Records from a dataset:
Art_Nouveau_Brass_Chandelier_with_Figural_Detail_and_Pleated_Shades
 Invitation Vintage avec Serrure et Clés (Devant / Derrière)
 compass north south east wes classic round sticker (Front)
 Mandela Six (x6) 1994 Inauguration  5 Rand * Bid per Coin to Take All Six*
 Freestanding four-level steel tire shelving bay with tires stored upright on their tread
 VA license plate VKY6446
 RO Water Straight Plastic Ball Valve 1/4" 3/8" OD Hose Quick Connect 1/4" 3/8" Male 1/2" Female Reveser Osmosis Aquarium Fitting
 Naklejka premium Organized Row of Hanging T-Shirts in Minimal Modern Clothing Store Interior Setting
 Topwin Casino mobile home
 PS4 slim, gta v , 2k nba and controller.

** About this exercise **
From the line containing "compass north south" down to the last line of the records, transcribe every line exactly and add nothing else.

** Output of the exercise **
 compass north south east wes classic round sticker (Front)
 Mandela Six (x6) 1994 Inauguration  5 Rand * Bid per Coin to Take All Six*
 Freestanding four-level steel tire shelving bay with tires stored upright on their tread
 VA license plate VKY6446
 RO Water Straight Plastic Ball Valve 1/4" 3/8" OD Hose Quick Connect 1/4" 3/8" Male 1/2" Female Reveser Osmosis Aquarium Fitting
 Naklejka premium Organized Row of Hanging T-Shirts in Minimal Modern Clothing Store Interior Setting
 Topwin Casino mobile home
 PS4 slim, gta v , 2k nba and controller.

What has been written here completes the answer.